PC relative coding

tomaitheous · Post by **tomaitheous** » Tue Mar 30, 2010 6:00 am

That's right. PC relative coding on the PCE.

For those unfamiliar or forgot or whatever, PC relative code is code that uses all branch, jump, jsr's relative to the PC. Why? So the code can be placed anywhere in memory and execute the same regardless of where it is in the PC address range. Normally, this is important for computers. Computers, large and small, dynamically load code or runtimes in free areas of memory. If the area is dynamic, you can't use absolute address for branchs, jumps, and calls.

The HuC6280 kinda lacks this. I say kinda, but it actually does have the two instructions needed just for this type of environment; BSR and BRA. Both take a signed offset to add the to current PC. Problem is, it's only 8 bit. And 8bit signed is only -/+127 bytes.

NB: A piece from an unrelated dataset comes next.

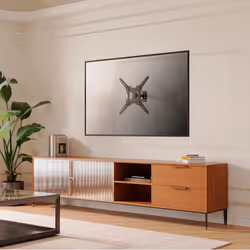 AISENS Swivel ECO Support, Tilt for Monitor/TV 30Kg (2 Pivots) from 23-55, Black - Additional view 5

That's not terribly useful.

Secondly, you might be asking why would this even be a concern or need on the PCE? Well, easy. Memory is mapped in and out into 8k pages. Similar to loading and unloading code on a PC (note: I said similar, not exact). So the concept, or rather, the end result is desirable for one reason. Being able to map in an 8k bank into any free MPR and start executing code. Normally, you have to know what MPR to map bank to because you have a hardoffset in the CPUs logical address range, and this corresponds to that.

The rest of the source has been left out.